The Congo’s extractive industries and exports have generated high nominal rates of economic growth but little sustainable or broad-based development. Political risk remains high, severely undermining prospects for diversified growth and trapping a majority of the population in poverty. Informal economic activity is rampant, and businesses have little recourse in law and little protection for their property.
Government economic activity lacks impact, and the basic supply of public goods, particularly infrastructure, is far below levels necessary to facilitate economic growth and entrepreneurial opportunity. The slow pace of reform, coupled with ongoing political instability, has left the capacity of public institutions inadequate to support private-sector development and long-term economic expansion.
Laurent Kabila, who seized power in 1997, was assassinated in 2001. His son Joseph assumed power and in 2006 won the first multi-party election in 40 years. He was re-elected in December 2011 in a largely flawed and violent election. Rebel groups that include the Lord’s Resistance Army, M23, and the Democratic Forces for the Liberation of Rwanda (FDLR) remain active in the northeastern region. The DRC’s immense natural resources, including copper, cobalt, and diamonds, have fueled conflict rather than development. Political unrest has led foreign businesses to limit their operations, and corruption and mismanagement are disincentives to activity in the formal sector. Infrastructure is practically nonexistent in many areas.
Despite a recently adopted constitution, protection of property rights is hampered by dysfunctional public administration. Enforcement of the complex legal code is selective. Human rights abuses and banditry deter economic activity. A culture of corruption institutionalized during the 30-year tenure of former President Mobutu Sese Seko limits the state’s ability to fulfill essential obligations of government.
The top income tax rate is 30 percent, and the top corporate tax rate is 40 percent. Other taxes include a rental tax and a tax on vehicles. The overall tax burden equals 18.9 percent of total domestic income. Tax enforcement is arbitrary. Government spending equals 36.5 percent of domestic output, and the budget deficit is over 6 percent of GDP. Much of the public debt was cancelled in 2010 under the Heavily Indebted Poor Countries Initiative.
Despite recent efforts to modernize the regulatory framework, launching a business still takes more than the world averages of seven procedures and 30 days. Much of the workforce is employed in the agricultural sector, and informal labor activity is widespread. Many prices are controlled by the state. Inflation is likely to rise due to the central bank’s injection of millions in new banknotes into the economy to fight dollarization.

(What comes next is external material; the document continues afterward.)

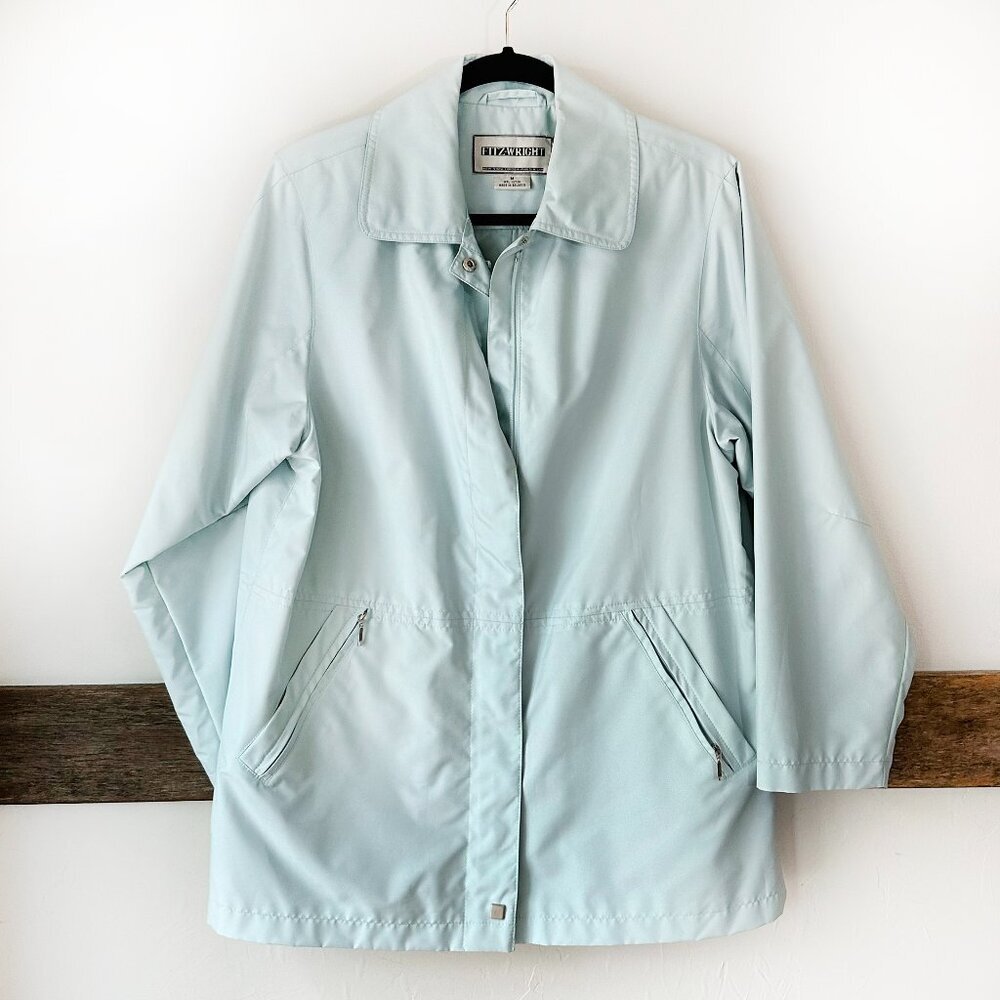Vintage Fitz-Wright Powder Blue‎ Coat Jacket Pristine! M Rain Light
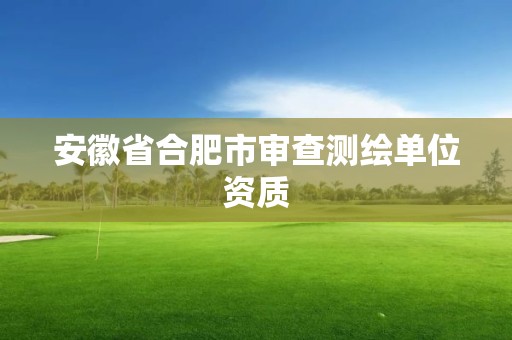 安徽省合肥市审查测绘单位资质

The trade-weighted average tariff rate is relatively high at 11 percent, and inefficient customs procedures constrain dynamic growth in trade. The investment regime, hampered by government controls, lacks transparency. The private sector suffers from inadequate access to credit, particularly long-term loans, and overall use of financial services is highly constrained. Credit to the private sector amounts to less than 10 percent of GDP.